# Heeling Games!



## Merciel (Apr 25, 2013)

Anybody have any favorites? Ones that have worked well for you in building your dog's enjoyment or precision in heeling?

I've just started practicing with Pongu specifically with an eye toward increasing our speed in trial environments while retaining precision, so we're starting to incorporate a lot more structured heeling games into our practice sessions. Previously I'd just do whatever seemed fun and relaxing, because the focus was more on coaxing scaredypants dog into functioning at _all_ in unfamiliar and distraction-filled environments. Now we've accomplished that to a semi-satisfactory degree, so we're beginning our slow shift over to the pursuit of perfection.

Also, I need something new to teach him to break up the potentially boring repetition of stuff he already knows but needs to polish. Cue heeling games!

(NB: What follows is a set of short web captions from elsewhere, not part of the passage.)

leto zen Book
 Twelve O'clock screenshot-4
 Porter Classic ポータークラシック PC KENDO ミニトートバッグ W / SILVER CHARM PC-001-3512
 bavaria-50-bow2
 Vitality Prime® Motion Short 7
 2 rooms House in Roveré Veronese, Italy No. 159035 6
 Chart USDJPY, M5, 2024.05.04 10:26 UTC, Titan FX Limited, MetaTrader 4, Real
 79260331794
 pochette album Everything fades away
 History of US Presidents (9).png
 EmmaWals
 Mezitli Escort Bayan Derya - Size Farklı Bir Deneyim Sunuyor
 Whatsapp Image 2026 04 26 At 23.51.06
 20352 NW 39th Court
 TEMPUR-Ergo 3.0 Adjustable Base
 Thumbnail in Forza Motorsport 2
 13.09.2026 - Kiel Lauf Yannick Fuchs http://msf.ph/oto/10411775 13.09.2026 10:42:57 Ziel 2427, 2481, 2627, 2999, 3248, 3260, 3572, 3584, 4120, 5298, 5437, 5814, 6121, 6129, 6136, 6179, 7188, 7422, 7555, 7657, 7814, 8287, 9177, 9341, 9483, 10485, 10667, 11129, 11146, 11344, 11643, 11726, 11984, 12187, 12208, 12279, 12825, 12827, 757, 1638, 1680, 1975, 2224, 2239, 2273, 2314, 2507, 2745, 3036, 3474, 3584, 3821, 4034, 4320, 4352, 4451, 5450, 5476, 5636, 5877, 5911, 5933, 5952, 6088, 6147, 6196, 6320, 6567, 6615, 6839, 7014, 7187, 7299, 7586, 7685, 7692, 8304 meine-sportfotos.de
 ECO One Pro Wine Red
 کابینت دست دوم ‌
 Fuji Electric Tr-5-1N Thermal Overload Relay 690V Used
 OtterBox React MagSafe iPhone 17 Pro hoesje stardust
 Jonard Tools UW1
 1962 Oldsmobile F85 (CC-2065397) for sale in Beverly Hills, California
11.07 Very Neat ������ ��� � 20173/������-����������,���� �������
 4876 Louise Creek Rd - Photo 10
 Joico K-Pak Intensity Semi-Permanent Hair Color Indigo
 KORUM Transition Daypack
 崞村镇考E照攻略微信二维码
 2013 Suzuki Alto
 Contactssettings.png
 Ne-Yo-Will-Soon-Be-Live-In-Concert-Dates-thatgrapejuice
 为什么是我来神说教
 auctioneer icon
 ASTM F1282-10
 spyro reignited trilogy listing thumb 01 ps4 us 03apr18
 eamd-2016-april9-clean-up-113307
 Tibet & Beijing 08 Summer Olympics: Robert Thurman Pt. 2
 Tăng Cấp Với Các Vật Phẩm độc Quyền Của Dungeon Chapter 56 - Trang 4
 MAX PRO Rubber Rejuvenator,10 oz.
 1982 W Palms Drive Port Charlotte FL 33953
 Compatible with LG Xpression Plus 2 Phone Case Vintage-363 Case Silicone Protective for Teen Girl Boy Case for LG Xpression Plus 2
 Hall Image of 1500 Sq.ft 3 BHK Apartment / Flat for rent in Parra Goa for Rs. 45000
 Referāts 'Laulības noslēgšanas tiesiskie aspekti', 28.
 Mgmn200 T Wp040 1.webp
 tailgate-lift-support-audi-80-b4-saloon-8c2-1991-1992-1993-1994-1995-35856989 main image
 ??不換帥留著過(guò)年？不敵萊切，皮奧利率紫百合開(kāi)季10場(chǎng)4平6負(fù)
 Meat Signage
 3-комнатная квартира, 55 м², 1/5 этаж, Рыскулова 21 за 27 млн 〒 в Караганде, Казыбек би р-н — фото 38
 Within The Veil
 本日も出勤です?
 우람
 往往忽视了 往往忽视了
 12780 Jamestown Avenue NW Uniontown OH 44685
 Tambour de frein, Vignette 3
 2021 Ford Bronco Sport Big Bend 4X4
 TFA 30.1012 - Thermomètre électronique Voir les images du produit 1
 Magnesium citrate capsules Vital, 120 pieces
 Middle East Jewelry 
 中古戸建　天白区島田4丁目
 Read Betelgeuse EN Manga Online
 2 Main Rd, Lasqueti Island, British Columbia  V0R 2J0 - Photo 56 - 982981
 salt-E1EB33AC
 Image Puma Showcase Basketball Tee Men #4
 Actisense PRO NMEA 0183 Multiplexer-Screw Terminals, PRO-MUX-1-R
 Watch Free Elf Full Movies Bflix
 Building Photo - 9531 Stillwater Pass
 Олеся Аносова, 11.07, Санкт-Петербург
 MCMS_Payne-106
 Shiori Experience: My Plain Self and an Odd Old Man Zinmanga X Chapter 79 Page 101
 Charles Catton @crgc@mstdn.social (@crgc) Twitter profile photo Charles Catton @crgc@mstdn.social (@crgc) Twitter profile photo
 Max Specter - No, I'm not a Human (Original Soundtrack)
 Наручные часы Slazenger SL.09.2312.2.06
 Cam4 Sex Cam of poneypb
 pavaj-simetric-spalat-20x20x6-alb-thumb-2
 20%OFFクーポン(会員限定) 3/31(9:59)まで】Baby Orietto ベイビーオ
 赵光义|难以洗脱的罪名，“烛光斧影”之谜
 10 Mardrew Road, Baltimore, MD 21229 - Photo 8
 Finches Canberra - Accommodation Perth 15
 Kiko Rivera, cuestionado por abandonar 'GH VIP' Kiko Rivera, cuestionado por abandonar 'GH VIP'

Yesterday I introduced Pongu to Denise Fenzi's "Fly" game, in which the dog is sent out to circle a stationary object (I'm using a cone). In this clip he's still developing fluency in the behavior so it's not particularly smooth or fast; Pongu had never previously been asked to go around an object and this is just our second session.





 
(That slanted Down makes me laugh. Pongu has an issue with slanted Downs anyway, but in this instance it's really my fault because I have my shoulders turned toward him to keep him in the camera's view. Since I'm twisted, so is he. Poor nerdpuppy's just following my crooked alignment.)

I'm teaching the "Fly" go-around as a right turn initially because Pongu's right turn is slightly slower and tends to go wider than his left turns at trials, so I'm hoping that I can use this exercise not only as a fun motivator/pattern break but to build up his muscle memory for a tighter, faster right turn. Hopefully once he gets familiar enough with the behavior that we can practice outside, I'll be able to get it going at speed, and with any luck that will prove useful down the road.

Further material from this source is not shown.